* _TASK DIRECTIONS_
Among the entries below, take the line with "Edgewater Villa! Resort" and the line with "595 Chelan Trails Road Property Photo 9", and output them and every line between them exactly, with nothing else.

Short descriptive text snippets
..............................

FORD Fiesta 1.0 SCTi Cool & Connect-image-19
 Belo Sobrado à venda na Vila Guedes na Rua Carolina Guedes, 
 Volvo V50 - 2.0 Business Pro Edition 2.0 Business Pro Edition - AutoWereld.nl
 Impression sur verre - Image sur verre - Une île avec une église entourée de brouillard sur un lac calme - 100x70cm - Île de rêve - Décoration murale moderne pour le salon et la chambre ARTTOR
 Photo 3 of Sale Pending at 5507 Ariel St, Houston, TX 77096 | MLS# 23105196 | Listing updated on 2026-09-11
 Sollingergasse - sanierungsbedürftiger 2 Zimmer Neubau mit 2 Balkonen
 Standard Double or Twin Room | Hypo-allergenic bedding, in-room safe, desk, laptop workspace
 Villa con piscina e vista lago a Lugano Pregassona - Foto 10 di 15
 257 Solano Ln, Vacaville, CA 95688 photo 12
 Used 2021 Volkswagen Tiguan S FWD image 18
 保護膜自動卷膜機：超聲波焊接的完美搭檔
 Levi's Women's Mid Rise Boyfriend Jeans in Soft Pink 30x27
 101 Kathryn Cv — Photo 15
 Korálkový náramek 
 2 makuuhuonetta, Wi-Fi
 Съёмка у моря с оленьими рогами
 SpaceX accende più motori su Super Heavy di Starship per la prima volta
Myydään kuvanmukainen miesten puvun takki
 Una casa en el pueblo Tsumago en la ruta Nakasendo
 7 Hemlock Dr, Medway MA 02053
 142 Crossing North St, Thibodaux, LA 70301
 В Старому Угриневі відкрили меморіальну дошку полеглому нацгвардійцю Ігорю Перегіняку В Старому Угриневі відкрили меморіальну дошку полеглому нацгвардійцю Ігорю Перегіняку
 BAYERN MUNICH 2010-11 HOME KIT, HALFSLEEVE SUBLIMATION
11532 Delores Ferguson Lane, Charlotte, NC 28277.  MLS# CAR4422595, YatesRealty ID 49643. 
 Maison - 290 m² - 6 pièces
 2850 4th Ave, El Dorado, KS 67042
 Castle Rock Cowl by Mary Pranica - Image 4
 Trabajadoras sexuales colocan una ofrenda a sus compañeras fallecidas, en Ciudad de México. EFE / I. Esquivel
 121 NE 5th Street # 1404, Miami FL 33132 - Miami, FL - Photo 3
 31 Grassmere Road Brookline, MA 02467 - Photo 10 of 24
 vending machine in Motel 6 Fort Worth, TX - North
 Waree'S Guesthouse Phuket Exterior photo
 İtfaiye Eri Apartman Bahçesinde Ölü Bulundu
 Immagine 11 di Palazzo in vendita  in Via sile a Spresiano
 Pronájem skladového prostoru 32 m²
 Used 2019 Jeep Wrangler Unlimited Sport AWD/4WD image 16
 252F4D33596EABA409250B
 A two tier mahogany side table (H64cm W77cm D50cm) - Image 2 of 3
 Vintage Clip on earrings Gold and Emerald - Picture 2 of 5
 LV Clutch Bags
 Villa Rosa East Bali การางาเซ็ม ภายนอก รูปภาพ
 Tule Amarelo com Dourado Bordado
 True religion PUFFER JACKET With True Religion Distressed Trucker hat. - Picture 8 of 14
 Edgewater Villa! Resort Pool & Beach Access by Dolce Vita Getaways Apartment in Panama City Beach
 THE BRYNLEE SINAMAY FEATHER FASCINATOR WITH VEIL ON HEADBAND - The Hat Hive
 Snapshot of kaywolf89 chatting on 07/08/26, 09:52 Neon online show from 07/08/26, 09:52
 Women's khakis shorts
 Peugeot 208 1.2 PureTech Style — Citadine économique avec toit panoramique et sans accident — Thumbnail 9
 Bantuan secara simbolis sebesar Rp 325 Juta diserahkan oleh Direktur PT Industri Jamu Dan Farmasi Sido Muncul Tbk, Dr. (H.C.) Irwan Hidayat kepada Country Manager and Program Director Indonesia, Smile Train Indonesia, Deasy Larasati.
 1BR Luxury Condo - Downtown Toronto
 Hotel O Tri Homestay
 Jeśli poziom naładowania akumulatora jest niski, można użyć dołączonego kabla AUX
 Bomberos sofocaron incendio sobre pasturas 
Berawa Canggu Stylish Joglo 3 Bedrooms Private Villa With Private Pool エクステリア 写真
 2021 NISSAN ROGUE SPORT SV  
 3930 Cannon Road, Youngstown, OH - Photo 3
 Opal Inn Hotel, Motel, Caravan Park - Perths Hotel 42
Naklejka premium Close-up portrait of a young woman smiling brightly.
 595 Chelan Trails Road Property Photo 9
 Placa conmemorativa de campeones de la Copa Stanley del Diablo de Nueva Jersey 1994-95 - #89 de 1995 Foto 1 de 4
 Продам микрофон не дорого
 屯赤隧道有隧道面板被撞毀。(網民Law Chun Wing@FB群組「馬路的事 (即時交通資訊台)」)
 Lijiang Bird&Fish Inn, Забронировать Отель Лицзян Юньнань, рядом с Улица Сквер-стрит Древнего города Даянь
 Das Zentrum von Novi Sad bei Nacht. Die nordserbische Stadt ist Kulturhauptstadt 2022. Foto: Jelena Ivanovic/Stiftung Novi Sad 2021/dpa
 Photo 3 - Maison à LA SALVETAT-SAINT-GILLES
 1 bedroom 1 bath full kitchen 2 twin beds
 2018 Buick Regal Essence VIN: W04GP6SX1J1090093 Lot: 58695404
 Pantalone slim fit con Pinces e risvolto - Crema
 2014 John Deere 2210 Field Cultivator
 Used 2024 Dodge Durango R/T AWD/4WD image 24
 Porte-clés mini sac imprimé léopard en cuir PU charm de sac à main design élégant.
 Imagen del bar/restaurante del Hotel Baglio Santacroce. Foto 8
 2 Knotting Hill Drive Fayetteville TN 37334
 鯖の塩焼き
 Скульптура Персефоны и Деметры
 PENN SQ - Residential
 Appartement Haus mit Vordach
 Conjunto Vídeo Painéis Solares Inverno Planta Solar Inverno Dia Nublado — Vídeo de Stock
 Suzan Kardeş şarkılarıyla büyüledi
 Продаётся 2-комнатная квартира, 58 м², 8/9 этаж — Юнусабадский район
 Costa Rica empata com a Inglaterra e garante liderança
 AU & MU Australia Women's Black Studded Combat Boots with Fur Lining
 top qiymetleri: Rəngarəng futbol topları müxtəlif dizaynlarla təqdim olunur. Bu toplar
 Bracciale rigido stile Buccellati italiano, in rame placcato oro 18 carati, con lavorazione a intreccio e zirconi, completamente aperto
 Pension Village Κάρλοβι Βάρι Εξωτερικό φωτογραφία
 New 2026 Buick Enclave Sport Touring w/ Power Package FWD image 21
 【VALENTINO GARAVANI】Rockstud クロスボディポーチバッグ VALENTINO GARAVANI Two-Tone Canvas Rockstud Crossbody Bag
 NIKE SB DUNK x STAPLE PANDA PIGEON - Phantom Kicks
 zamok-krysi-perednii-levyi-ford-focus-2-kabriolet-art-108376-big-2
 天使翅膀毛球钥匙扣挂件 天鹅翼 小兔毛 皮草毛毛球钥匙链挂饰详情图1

..............................

* _EXERCISE SOLUTION_
 Edgewater Villa! Resort Pool & Beach Access by Dolce Vita Getaways Apartment in Panama City Beach
 THE BRYNLEE SINAMAY FEATHER FASCINATOR WITH VEIL ON HEADBAND - The Hat Hive
 Snapshot of kaywolf89 chatting on 07/08/26, 09:52 Neon online show from 07/08/26, 09:52
 Women's khakis shorts
 Peugeot 208 1.2 PureTech Style — Citadine économique avec toit panoramique et sans accident — Thumbnail 9
 Bantuan secara simbolis sebesar Rp 325 Juta diserahkan oleh Direktur PT Industri Jamu Dan Farmasi Sido Muncul Tbk, Dr. (H.C.) Irwan Hidayat kepada Country Manager and Program Director Indonesia, Smile Train Indonesia, Deasy Larasati.
 1BR Luxury Condo - Downtown Toronto
 Hotel O Tri Homestay
 Jeśli poziom naładowania akumulatora jest niski, można użyć dołączonego kabla AUX
 Bomberos sofocaron incendio sobre pasturas 
Berawa Canggu Stylish Joglo 3 Bedrooms Private Villa With Private Pool エクステリア 写真
 2021 NISSAN ROGUE SPORT SV  
 3930 Cannon Road, Youngstown, OH - Photo 3
 Opal Inn Hotel, Motel, Caravan Park - Perths Hotel 42
Naklejka premium Close-up portrait of a young woman smiling brightly.
 595 Chelan Trails Road Property Photo 9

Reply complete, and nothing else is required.